Returns archive statistics for a user.

Returns the number of available slots in the archiver queue. Counts jobs in active states and subtracts from the queue limit.

Returns true if the user can create new archives.

Returns true if the user can view/download existing archives. Any active user can view when archiving isn't disabled.

Cleans up older snapshots of the same (link_id, type) that are superseded by a newly-terminal snapshot.

Creates a new crawl run record.

Creates a new snapshot for a link.

Deletes a single snapshot's storage and database record. Returns :ok on success, {:error, reason} on failure.

Returns a MapSet of domain strings that have had a crawl run created within the cooldown window. Used by the scheduler to skip domains that were recently crawled.

Returns the list of users eligible for archiving based on the current mode.
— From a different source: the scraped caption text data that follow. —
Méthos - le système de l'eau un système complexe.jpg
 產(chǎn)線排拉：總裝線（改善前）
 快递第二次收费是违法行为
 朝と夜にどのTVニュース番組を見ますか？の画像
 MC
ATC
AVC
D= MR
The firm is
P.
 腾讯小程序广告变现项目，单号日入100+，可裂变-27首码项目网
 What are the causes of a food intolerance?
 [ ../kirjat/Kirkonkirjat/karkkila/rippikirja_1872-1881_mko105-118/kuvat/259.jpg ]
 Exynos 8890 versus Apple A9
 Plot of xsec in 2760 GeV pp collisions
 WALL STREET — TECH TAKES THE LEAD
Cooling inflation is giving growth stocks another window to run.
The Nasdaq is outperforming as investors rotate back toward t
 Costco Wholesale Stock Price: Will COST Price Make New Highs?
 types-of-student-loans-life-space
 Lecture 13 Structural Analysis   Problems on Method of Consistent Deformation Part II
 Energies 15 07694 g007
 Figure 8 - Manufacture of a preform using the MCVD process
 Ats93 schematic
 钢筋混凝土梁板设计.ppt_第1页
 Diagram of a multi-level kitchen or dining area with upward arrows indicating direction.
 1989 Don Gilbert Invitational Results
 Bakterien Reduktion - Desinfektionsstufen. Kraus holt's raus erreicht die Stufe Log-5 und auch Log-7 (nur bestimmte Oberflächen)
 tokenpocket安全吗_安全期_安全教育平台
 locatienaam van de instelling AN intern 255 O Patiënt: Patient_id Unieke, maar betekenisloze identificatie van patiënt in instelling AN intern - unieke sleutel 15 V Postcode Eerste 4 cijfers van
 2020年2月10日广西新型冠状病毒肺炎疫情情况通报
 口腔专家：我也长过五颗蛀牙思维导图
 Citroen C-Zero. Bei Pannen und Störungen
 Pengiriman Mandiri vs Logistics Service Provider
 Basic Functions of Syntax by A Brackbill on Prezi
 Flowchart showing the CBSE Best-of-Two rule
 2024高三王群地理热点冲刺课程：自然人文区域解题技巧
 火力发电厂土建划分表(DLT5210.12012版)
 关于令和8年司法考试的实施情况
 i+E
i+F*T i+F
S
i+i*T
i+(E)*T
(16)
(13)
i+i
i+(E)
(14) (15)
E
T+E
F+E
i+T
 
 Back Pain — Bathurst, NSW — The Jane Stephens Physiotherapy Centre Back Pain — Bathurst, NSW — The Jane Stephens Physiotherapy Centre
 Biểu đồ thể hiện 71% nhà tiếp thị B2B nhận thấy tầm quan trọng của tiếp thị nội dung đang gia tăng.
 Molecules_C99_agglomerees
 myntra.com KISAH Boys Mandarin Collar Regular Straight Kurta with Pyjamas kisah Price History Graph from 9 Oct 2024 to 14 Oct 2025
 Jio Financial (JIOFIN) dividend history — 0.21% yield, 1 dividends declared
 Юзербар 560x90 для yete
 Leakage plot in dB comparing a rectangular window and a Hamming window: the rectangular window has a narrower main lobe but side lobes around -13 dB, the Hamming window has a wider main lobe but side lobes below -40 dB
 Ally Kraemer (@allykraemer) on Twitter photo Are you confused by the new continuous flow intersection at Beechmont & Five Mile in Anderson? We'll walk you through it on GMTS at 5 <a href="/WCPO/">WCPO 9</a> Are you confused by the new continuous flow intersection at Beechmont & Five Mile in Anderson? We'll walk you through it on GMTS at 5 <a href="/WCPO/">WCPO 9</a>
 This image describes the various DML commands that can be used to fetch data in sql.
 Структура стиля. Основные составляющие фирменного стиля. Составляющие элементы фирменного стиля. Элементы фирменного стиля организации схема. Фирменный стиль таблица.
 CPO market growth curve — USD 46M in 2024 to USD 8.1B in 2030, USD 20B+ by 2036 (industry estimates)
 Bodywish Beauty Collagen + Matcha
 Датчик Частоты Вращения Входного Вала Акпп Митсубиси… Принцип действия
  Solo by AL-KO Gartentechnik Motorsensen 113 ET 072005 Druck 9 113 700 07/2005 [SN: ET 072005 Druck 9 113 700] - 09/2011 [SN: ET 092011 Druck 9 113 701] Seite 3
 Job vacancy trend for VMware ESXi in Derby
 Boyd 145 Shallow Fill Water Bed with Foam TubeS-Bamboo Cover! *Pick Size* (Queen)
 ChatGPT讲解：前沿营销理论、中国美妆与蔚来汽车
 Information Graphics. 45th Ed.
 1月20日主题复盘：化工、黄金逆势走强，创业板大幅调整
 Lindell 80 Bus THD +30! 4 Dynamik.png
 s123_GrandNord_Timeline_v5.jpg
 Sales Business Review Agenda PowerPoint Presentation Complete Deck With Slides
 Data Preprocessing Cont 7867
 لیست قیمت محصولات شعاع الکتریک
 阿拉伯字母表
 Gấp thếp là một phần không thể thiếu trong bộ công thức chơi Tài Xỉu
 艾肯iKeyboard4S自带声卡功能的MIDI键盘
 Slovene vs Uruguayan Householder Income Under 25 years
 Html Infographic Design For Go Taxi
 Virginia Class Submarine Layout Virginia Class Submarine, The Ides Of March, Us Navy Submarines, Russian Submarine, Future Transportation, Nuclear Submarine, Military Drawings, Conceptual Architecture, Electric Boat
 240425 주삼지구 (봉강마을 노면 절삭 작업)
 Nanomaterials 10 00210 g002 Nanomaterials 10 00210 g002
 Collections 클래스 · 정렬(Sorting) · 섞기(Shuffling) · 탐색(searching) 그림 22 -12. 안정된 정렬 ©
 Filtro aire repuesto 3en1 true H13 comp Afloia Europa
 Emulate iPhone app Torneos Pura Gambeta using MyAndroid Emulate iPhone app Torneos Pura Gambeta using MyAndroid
Enqueues a SnapshotDeleter job for each snapshot in pending_deletion state. Also deletes orphaned crawl runs (terminal state with no remaining snapshots).

Generates a short-lived token for serving a snapshot.

Returns all snapshots for a link (any state), newest first.

Returns a complete snapshot by ID, or {:error, :not_found}.

Returns all complete snapshots for a link, newest first, with crawl_run preloaded.

Returns all crawl runs for a link (excluding pending_deletion), with preloaded snapshots (also excluding pending_deletion), newest first.

Returns all non-deleted snapshots for a link, ordered by format locality then recency.

Returns the latest complete snapshot of a given format for a link.

Returns the latest complete snapshot of a given format and source for a link.

Returns a snapshot by link_id and job_id, or nil.

Gets a snapshot by its ID.

Returns links that have configured sources not covered by a current snapshot with matching version, excluding links with in-flight crawl runs.

Lists unarchived links for a user (links without completed snapshots and without an existing archive).

Marks all snapshots and crawl runs for a link as pending deletion.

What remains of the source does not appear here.